Mit sichtlicher Mühe und einem noch immer schmerzverzerrtem Gesicht rappelte sich der Zaubertränkemeister wieder auf. Ein schmaler Rinnsal von Blut lief aus seiner Nase und er wischte es abwesend mit dem Ärmel weg, wobei er das Blut allerdings nur noch mehr verschmierte. Mit einem Schlag verschwand sein Lächeln und machte einer düsteren, unheilverkündenden Miene Platz. „Ihr werdet alle untergehen. Voldemort wird siegen und euch alle verdammen. Doch ich werde dann nicht mehr bei euch sein.“

Harry sah zu Dumbledore hoch und sah in die traurigen Augen des Direktors, aus denen jeder Funke Lebensfreude verschwunden war. „Severus. Du weißt was dir bevorsteht. Deine Aktionen und deine jetzigen ruchlosen Worte werden dich vor Gericht bringen.“

„Na und?“ trotzte Snape.

„Du kennst die Verfügungen, die dir beim letzten Mal vor Gericht aufgelegt worden sind. Eine der Bedingungen, warum die Klage fallengelassen worden ist. Keine Unverzeihlichen Flüche, egal unter welchen Umständen, oder du kriegst sofort den Kuss der Dementoren.“

Harrys Augen weiteten sich entsetzt. Das hatte er nicht gewusst. Er fühlte gleichzeitig eine genugtuende Wärme in seinem Innern, als er dies hörte, wie auch einen Stich in seinem Herzen. Doch dieser Schmerz der Reue war nicht für Snape, sondern für Dumbledore, der aussah, als würde er die Trauer nur schwer unterdrücken. Wenn Snape hingerichtet würde, dann würde das den Direktor sehr hart treffen.

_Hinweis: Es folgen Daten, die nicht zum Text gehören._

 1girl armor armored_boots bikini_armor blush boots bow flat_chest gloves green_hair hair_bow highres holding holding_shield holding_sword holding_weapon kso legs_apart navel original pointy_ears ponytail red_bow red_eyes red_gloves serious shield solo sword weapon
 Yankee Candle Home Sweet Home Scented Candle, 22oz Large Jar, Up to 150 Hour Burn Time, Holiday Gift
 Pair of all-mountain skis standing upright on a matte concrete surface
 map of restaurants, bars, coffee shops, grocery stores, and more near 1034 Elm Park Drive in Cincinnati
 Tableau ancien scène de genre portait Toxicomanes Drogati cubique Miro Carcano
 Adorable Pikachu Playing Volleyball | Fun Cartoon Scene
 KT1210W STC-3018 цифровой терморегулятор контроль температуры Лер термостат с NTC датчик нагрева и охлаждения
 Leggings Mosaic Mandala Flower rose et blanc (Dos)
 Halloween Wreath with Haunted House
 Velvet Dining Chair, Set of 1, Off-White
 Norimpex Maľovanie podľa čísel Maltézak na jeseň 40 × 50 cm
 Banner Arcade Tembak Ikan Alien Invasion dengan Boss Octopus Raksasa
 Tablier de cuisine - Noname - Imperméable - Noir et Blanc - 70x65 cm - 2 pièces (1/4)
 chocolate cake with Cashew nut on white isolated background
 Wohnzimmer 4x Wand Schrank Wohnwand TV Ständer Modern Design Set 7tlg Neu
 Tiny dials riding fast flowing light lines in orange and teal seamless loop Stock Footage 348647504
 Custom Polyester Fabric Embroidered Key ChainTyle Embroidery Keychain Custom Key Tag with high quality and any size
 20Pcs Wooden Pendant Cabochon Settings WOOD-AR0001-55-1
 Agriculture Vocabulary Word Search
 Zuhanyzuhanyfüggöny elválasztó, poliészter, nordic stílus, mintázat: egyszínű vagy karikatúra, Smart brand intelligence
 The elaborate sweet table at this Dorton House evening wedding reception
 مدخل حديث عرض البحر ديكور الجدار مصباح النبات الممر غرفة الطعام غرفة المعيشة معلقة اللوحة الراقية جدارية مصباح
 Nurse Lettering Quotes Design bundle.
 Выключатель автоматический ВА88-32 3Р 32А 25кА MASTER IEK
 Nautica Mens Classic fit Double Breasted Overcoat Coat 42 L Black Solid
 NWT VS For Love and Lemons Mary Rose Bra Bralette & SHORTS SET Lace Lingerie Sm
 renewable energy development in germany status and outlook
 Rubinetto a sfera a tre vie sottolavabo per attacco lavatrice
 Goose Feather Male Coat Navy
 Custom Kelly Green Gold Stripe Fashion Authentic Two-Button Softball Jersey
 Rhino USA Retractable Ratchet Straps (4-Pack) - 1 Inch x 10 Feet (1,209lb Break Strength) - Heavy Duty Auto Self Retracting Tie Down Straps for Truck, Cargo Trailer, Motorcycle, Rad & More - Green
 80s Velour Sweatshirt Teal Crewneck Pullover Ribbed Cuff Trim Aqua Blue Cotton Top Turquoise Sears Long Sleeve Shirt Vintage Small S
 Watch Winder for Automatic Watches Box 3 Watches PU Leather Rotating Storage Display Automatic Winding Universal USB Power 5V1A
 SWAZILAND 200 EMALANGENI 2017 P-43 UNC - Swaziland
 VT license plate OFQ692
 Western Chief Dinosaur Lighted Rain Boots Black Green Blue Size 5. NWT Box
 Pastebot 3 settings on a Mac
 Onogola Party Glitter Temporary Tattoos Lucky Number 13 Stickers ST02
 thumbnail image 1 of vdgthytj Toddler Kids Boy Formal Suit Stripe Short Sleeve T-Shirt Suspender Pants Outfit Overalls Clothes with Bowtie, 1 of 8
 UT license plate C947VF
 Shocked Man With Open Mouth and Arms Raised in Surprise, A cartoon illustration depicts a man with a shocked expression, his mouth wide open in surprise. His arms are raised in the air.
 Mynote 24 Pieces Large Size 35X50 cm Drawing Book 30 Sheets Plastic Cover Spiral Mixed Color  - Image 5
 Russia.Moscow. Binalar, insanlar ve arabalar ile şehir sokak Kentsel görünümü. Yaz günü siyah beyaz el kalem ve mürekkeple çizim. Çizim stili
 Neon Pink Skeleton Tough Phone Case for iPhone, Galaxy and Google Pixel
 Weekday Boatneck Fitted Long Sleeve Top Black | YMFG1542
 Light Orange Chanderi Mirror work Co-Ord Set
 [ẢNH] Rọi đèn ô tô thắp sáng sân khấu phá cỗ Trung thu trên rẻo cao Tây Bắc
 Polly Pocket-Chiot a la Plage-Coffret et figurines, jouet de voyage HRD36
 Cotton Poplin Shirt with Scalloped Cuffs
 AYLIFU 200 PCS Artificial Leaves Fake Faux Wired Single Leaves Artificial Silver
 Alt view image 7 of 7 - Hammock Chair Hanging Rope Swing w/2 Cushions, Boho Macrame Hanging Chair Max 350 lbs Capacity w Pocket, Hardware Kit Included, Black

„Irgendetwas stimmt nicht mit dir, Severus. Der Mann, den ich kannte, ist nicht der Mann, der hier vor mir steht. Es bricht mir das Herz, mein Junge, aber ich kann dich diesmal nicht schützen. Nicht mehr. Es tut mir sehr leid, aber ich werde das Ministerium benachrichtigen müssen. Du wirst bis zu deiner Verhaftung hier in deinen Räumen eingesperrt bleiben.“

Harry glaubte, sich verhört zu haben. Dumbledore tat es wirklich. Er lieferte Snape dem Ministerium aus. Eigentlich hätte Harry darüber jubeln können. Snape würde bestraft werden. Wirklich bestraft, mit dem schlimmsten möglichen Urteil, das viel schrecklicher war als der Tod, aber die Trauer, die bei seinen Worten in Dumbledores Augen lag, dämpfte Harrys Freude beträchtlich.